------ RECORDS FOR PROCESSING

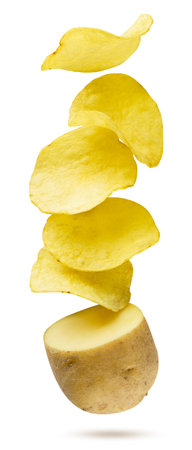 Potato chips flying out of a raw potato close-up on a white background. Isolatedの写真素材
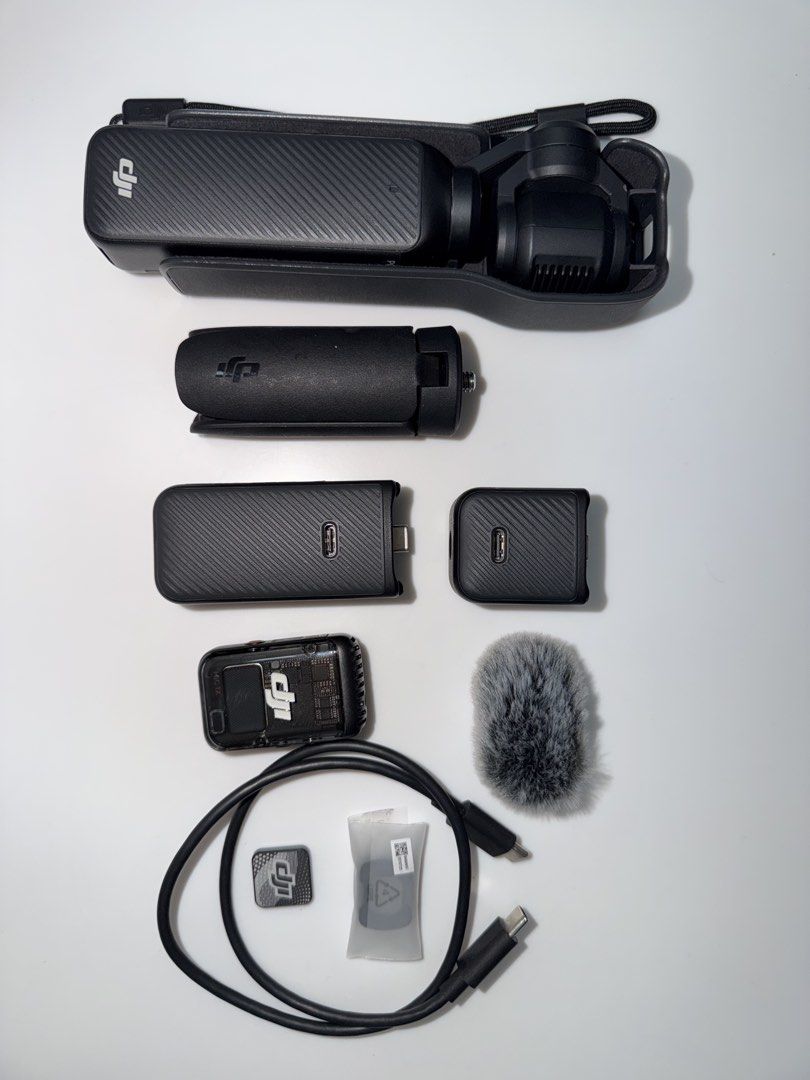 DJI Osmo Pocket 3: Creator Combo (Category: Video Cameras) located in Bocaue. Submitted by z4riy4h (Listing ID 1460716651, Image 1). Description: - Lightly used - With slight dent - Complete with Box This Creator Combo package includes: * DJI Osmo Pocket 3 Camera * Osmo Pocket 3 Battery Handle * DJI Mic 2 Transmitter * DJI Mic 2 Windscreen * DJI Mic 2 Clip Magnet * Wide-Angle Lens * Osmo Mini Tripod with 1/4” -20 thread base * Osmo Pocket 3 Carry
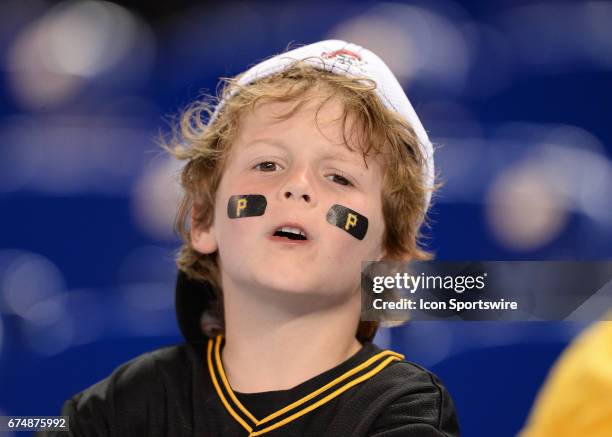 Very young Pittsburgh Pirates fan enjoys the game between the Miami Marlins and the Pittsburgh Pirates on April 28, 2017 at Marlins park, in Miami, FL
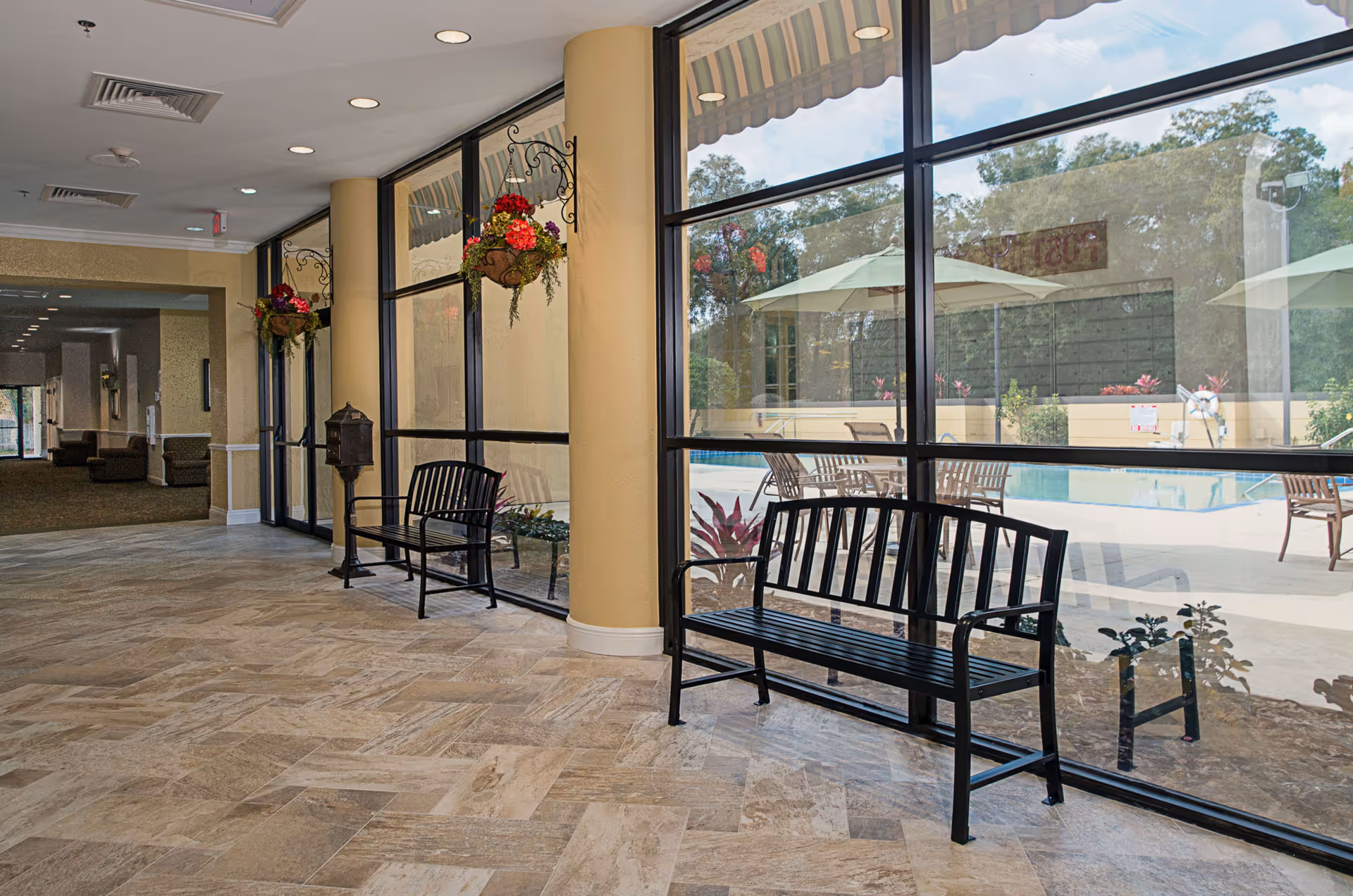 Indoor hallway area with large floor-to-ceiling windows overlooking an outdoor pool area with tables, chairs, and umbrellas. The hallway has tiled flooring, two black metal benches, hanging flower baskets, and beige walls with columns.
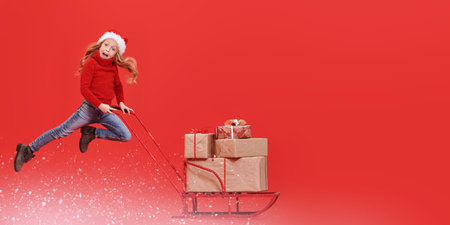 Happy girl child in Christmas hat pushing the sled with gifts. Studio portrait over festive red...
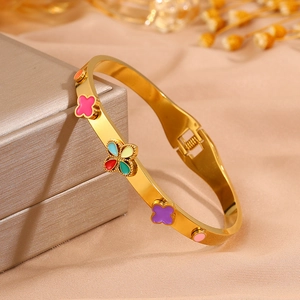 Détail du bracelet trèfle doré avec fleurs en émail coloré sur boîte à bijoux
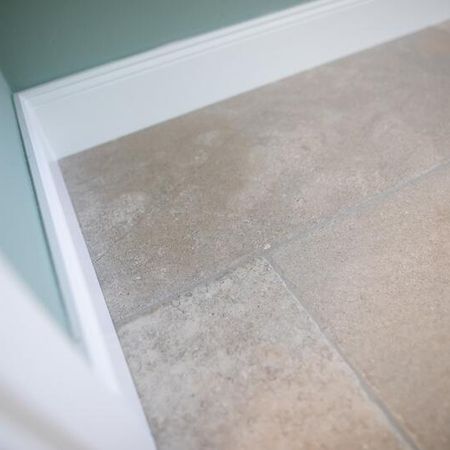 Badezimmer mit braun grauen Bodenfliesen in Stein-Optik und unterschiedlichen, kleinen, primär grünlichen Fliesen an der Wand etwa halbhoch zur Decke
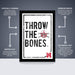 The image is a poster featuring the text "THROW THE BONES" with a skull and crossbones symbol. The poster is described as "OFFICIALLY LICENSED" and "PREMIUM PRINTED", indicating that it is a professionally printed poster. The poster is also described as "SHIPPED FLAT" and "ALL POSTERS ARE SHIPPED FOR EASY Folding and in boxes that are easy to gift wrap."
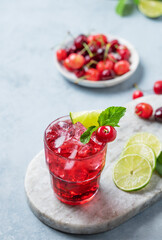 Cherry-lime mojito cocktail with mint, lime and ice on a marble board on a light  background.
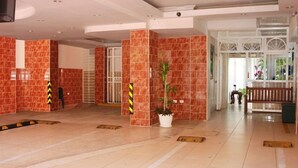 Un hall d’entrée spacieux, doté d’un sol carrelé, d’une plante en pot et d’un banc.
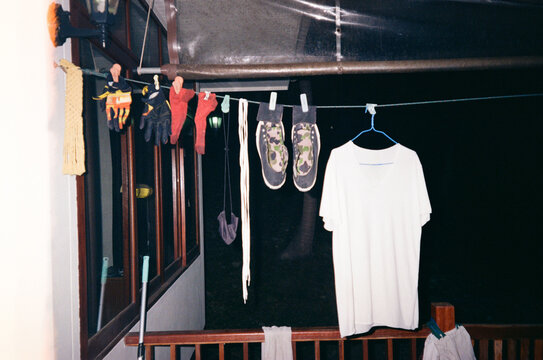 Drying clothes on hangers . Terrace of tropical house.
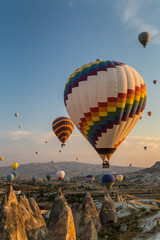 Hot air balloons flying at sunrise over rock formations in Cappadocia, Turkey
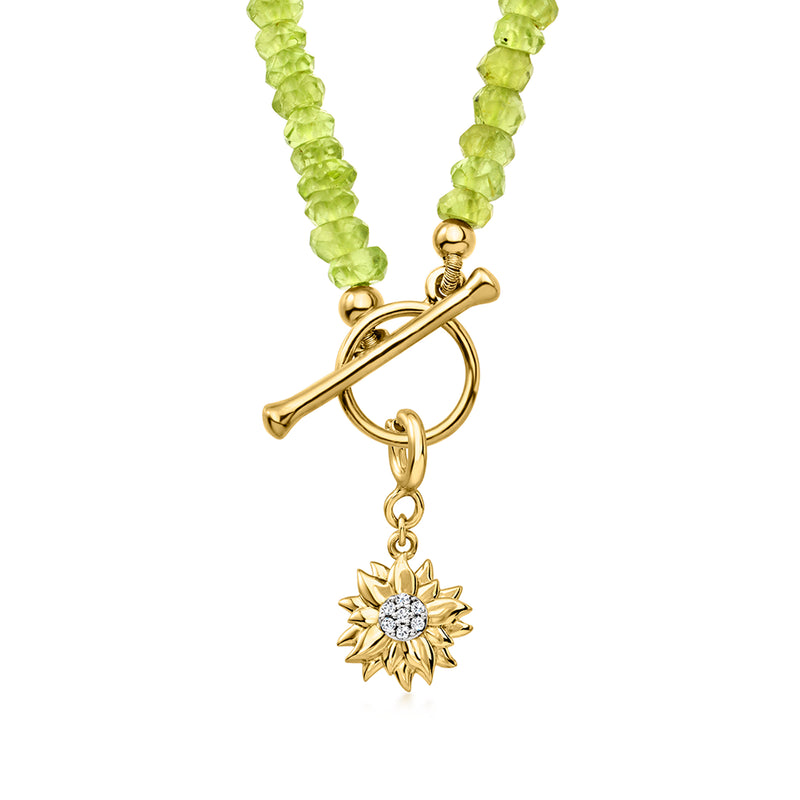 Gold sunflower charm pendant with round diamond center on a green beaded necklace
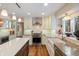 Beautiful kitchen featuring a large island, modern appliances, and an open layout connecting to dining area at 17420 Caribou Dr, Monument, CO 80132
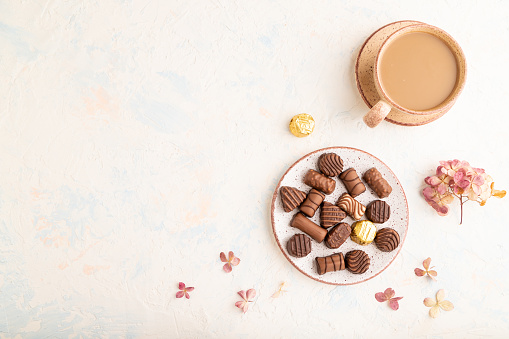 Chocolate candies with cup of coffee and hydrangea flowers on a white concrete background. top view, flat lay, copy space.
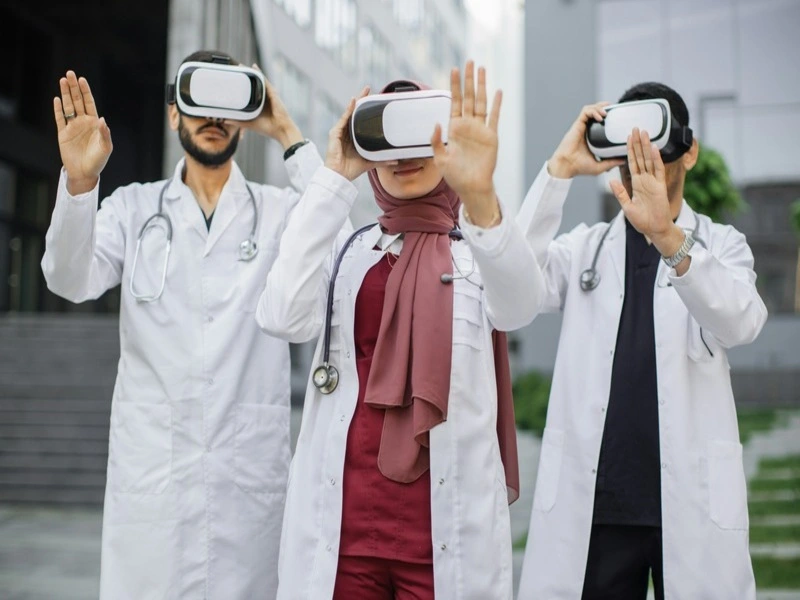 três médicos de jaleco branco usando óculos de VR após o futuro das redes móveis chegar na medicina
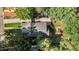 Directly above a house and yard with mature trees and a play structure on a bright day at 1811 Ridley St, Raleigh, NC 27608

------------

#### AIM OF THE TASK:
Give back exactly the lines from the line with "Cherry-lime mojito cocktail" through the final line of the entries above, and keep pictures out of the copy.

#### ANSWER BOX:
 Cherry-lime mojito cocktail with mint, lime and ice on a marble board on a light  background.
 Un hall d’entrée spacieux, doté d’un sol carrelé, d’une plante en pot et d’un banc.
 Drying clothes on hangers . Terrace of tropical house.
 Hot air balloons flying at sunrise over rock formations in Cappadocia, Turkey
 Gold sunflower charm pendant with round diamond center on a green beaded necklace
 Beautiful kitchen featuring a large island, modern appliances, and an open layout connecting to dining area at 17420 Caribou Dr, Monument, CO 80132
 Chocolate candies with cup of coffee and hydrangea flowers on a white concrete background. top view, flat lay, copy space.
 três médicos de jaleco branco usando óculos de VR após o futuro das redes móveis chegar na medicina
 Directly above a house and yard with mature trees and a play structure on a bright day at 1811 Ridley St, Raleigh, NC 27608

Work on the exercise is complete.